WORK INSTRUCTION: Word for word, write the lines below out again, with no pictures.

RECORD EXTRACTS:

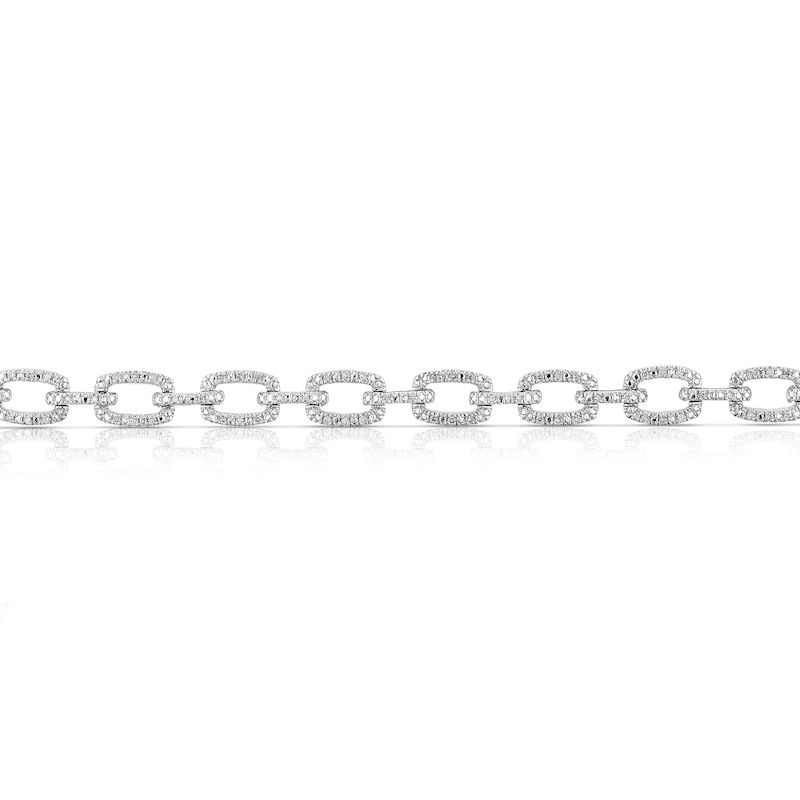 Main Image 2 of Sterling Silver 0.25ct Diamond Link Bracelet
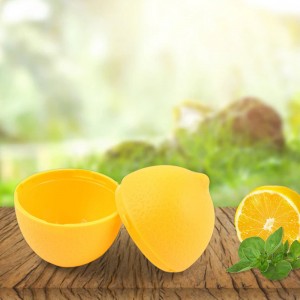 Пластиковий контейнер у формі лимона для зберігання лимону, лайма (2339) Пластиковий контейнер у формі лимона для зберігання лимону, лайма (2339)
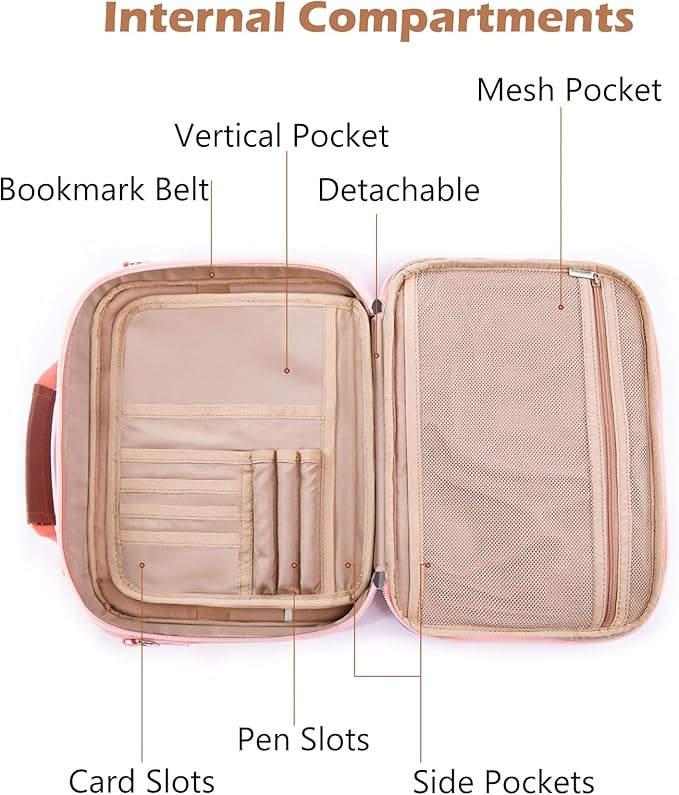 Aplufine Bible Cover for Men-Bible Case for Women-Medium Bible Bags and Totes-Large Bible Carrying Case-Bible Carrier with Shoulder Strap,Detachable Pen Loops for Bible Accessories,Gift Men Women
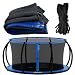 BPS 12Ft Trampoline Replacement Safety Net for 6 Poles Top Ring Enclosure System (Net Only)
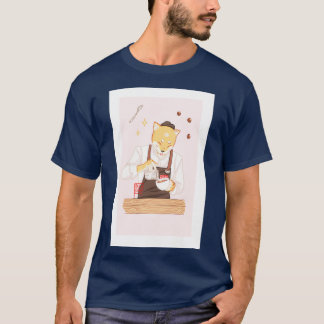 T-shirt Barista Shiba Inu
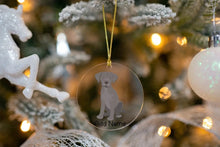 Load image into Gallery viewer, Personalized Silver Labrador Love Christmas Tree Ornaments-Christmas Ornament-Christmas, Labrador, Personalized-Christmas Tree Ornaments-Transparent-3.5&quot; or 8.9 cm-4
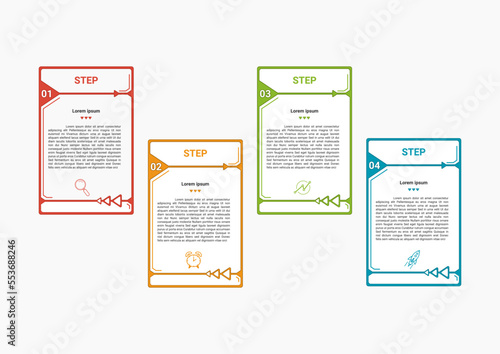 infographic presentation business template Process chart data visualization creative concept steps options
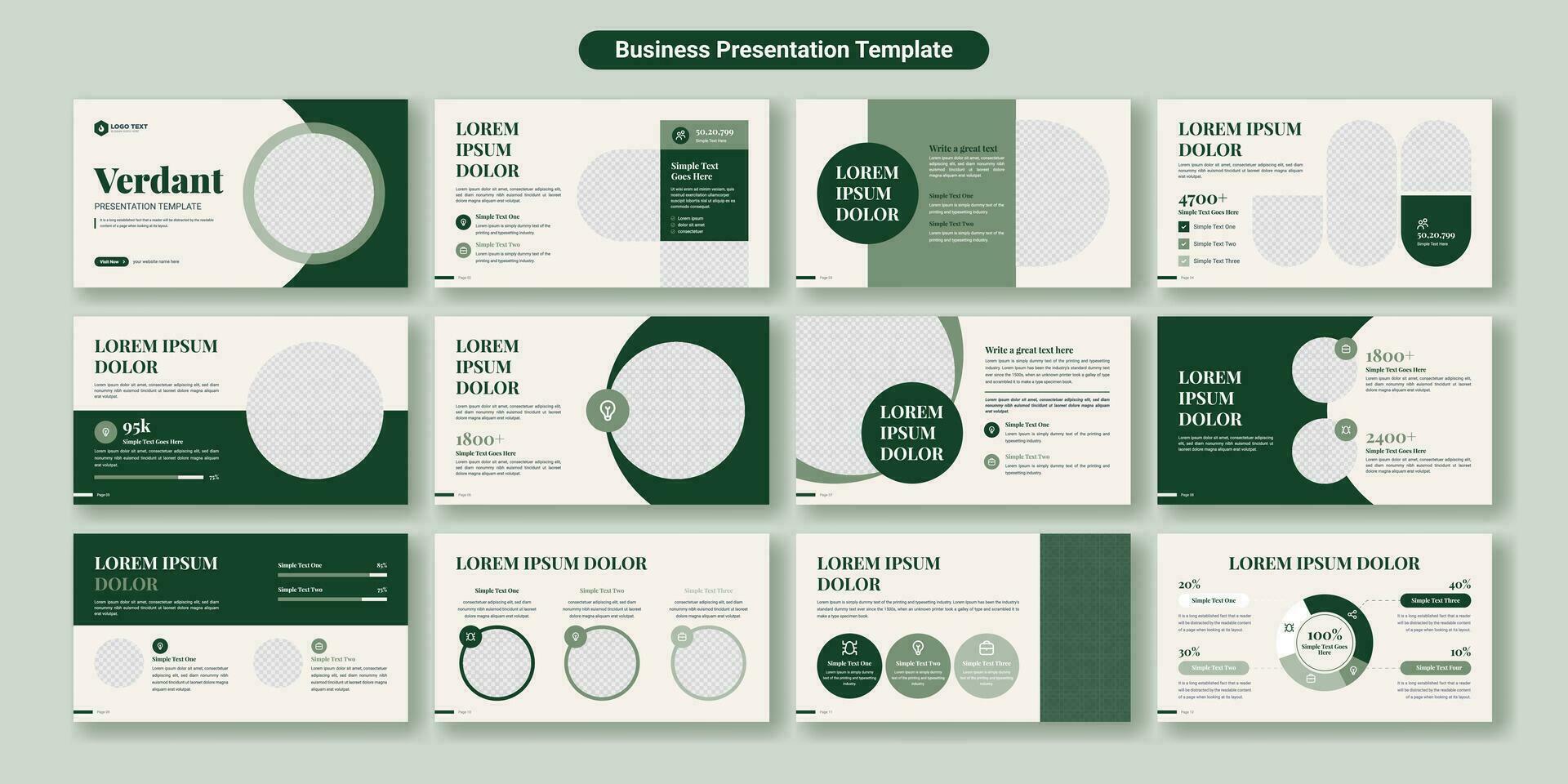 Creative business presentation slides template design. Use for modern presentation background, brochure design, website slider, landing page, annual report, company profile vector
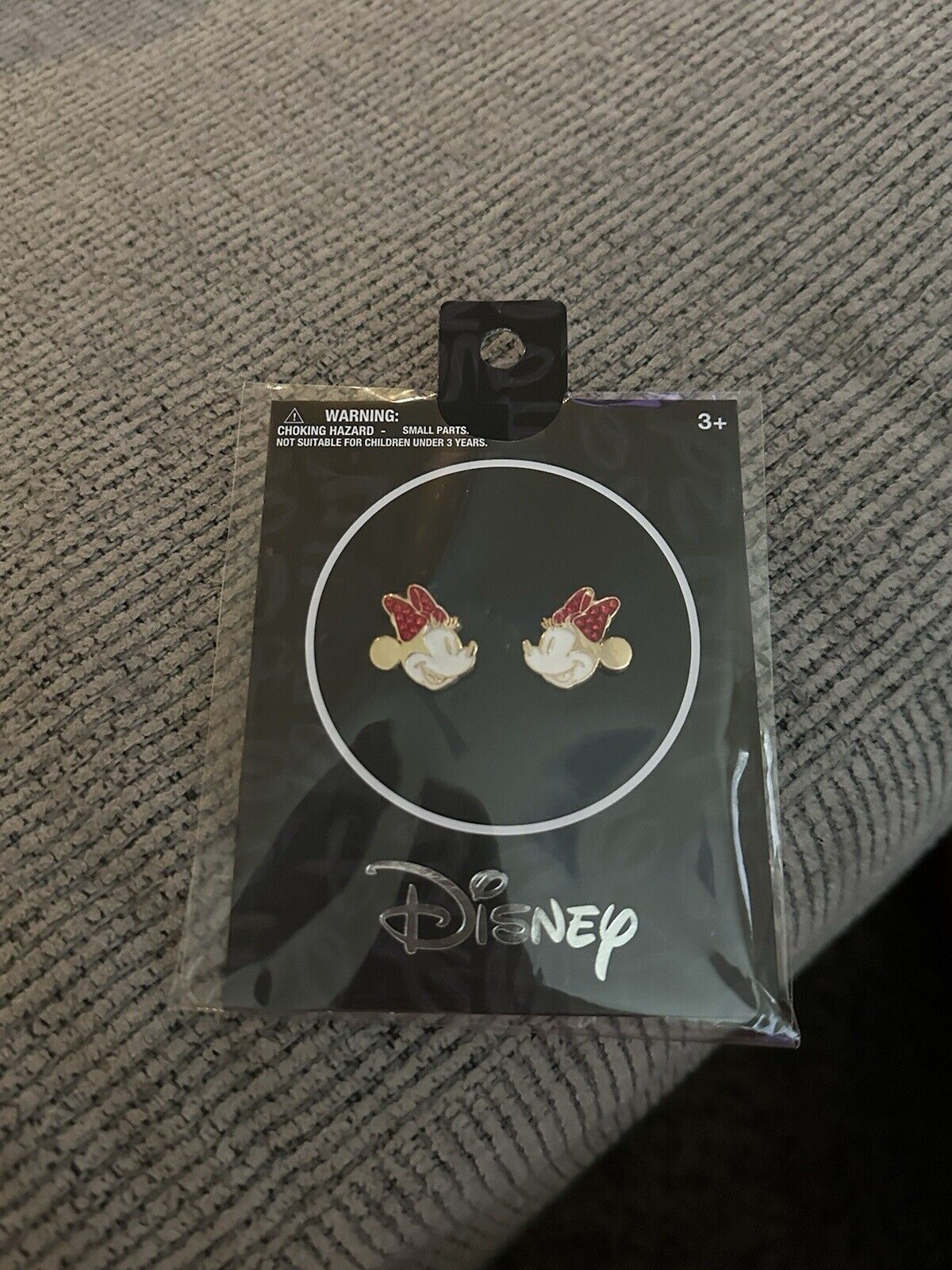 DISNEY Minnie Mouse earrings NEW SEALED ALDI 2024 Limited Edition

COMPLETED TASK:
 Main Image 2 of Sterling Silver 0.25ct Diamond Link Bracelet
 Пластиковий контейнер у формі лимона для зберігання лимону, лайма (2339) Пластиковий контейнер у формі лимона для зберігання лимону, лайма (2339)
 Aplufine Bible Cover for Men-Bible Case for Women-Medium Bible Bags and Totes-Large Bible Carrying Case-Bible Carrier with Shoulder Strap,Detachable Pen Loops for Bible Accessories,Gift Men Women
 BPS 12Ft Trampoline Replacement Safety Net for 6 Poles Top Ring Enclosure System (Net Only)
 T-shirt Barista Shiba Inu
 Load image into Gallery viewer, Personalized Silver Labrador Love Christmas Tree Ornaments-Christmas Ornament-Christmas, Labrador, Personalized-Christmas Tree Ornaments-Transparent-3.5&quot; or 8.9 cm-4
 infographic presentation business template Process chart data visualization creative concept steps options
 Creative business presentation slides template design. Use for modern presentation background, brochure design, website slider, landing page, annual report, company profile vector
 DISNEY Minnie Mouse earrings NEW SEALED ALDI 2024 Limited Edition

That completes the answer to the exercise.